El morbo creció cuando la volteamos. Daniela a cuatro patas, culo en alto, invitándonos. Marco se puso atrás primero, frotando su verga en su raja húmeda. ¿Quieres que te coja, mamacita? preguntó, y ella asintió frenética: Sí, métela toda. El sonido de penetración fue húmedo, plop, su concha tragándoselo entero. Yo me arrodillé enfrente, y ella me mamó mientras él la taladraba, sus gemidos vibrando en mi pija. Veía sus chichis balanceándose, el sudor goteando, oía los golpes de carne contra carne, ¡paf paf paf!.

Joder, esto es el paraíso. Su culo rebotando, su boca en mí... el trío con mi mujer amateur superando cualquier porno.
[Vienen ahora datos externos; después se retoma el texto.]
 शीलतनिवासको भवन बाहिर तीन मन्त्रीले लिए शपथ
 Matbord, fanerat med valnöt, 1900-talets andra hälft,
Cambiamos posiciones, la tensión subiendo como fiebre. La puse yo ahora, embistiéndola misionero, sintiendo sus paredes apretándome, calientes y resbalosas. Marco se acercó, y ella lo tomó en la mano, luego en la boca, multitasking como reina. Nuestros cuerpos se rozaban: mi pecho contra sus tetas, su pierna enredada en Marco, besos compartidos con sabor a ella. Los dos, cabrones, fóllenme fuerte, suplicó Daniela, y obedecimos. La volteamos de nuevo, yo en su concha, Marco rozando su ano con lubricante, pero suave, preguntando siempre: ¿Sí o no? Sí, pero despacio, respondió empoderada.

El clímax se acercó como tormenta. Marco entró por atrás, doble penetración amateur pura, sus gemidos sincronizándose: ¡Ahhh, chingado!. Yo sentía su verga a través de la delgada pared, frotándose contra la mía dentro de ella, un roce prohibido que nos volvió locos. Daniela temblaba, sus uñas clavándose en mi espalda, el olor a sexo intenso, sudor, semen preeyaculatorio. Empujábamos coordinados, el colchón gimiendo, sus jugos chorreando por mis bolas.

Explotamos casi juntos. Primero ella, gritando ¡Me vengo, pinches!, su concha convulsionando ordeñándonos. Marco gruñó profundo, llenándola por atrás con chorros calientes que sentía filtrarse. Yo me corrí último, sacándola para pintarle la cara y tetas, verga palpitando, semen espeso goteando de su barbilla. Colapsamos en un enredo de miembros sudorosos, respiraciones jadeantes, el aire pesado con nuestro olor mezclado.

En el afterglow, nos quedamos así un rato, caricias suaves, risas cansadas. Daniela en el medio, besándonos alternadamente, su piel pegajosa y tibia. Esto fue chingón, ¿verdad? dijo, ojos brillantes de satisfacción. Marco se vistió despacio, prometiendo discreción, y se fue con un abrazo fraterno. Nosotros nos metimos a la regadera, el agua caliente lavando el sudor pero no el recuerdo: jabón resbalando por sus curvas, mis manos en su culo aún sensible.

Nunca imaginé que un trío con mi mujer amateur nos uniría más. Fue puro, consensual, nuestro.

Ahora, cada vez que la miro, revivo esa noche: el sabor de su beso post-sexo, el eco de sus gemidos, la textura de tres cuerpos fundidos. Daniela y yo, más fuertes, exploradores de placeres nuevos en nuestra cama de Polanco.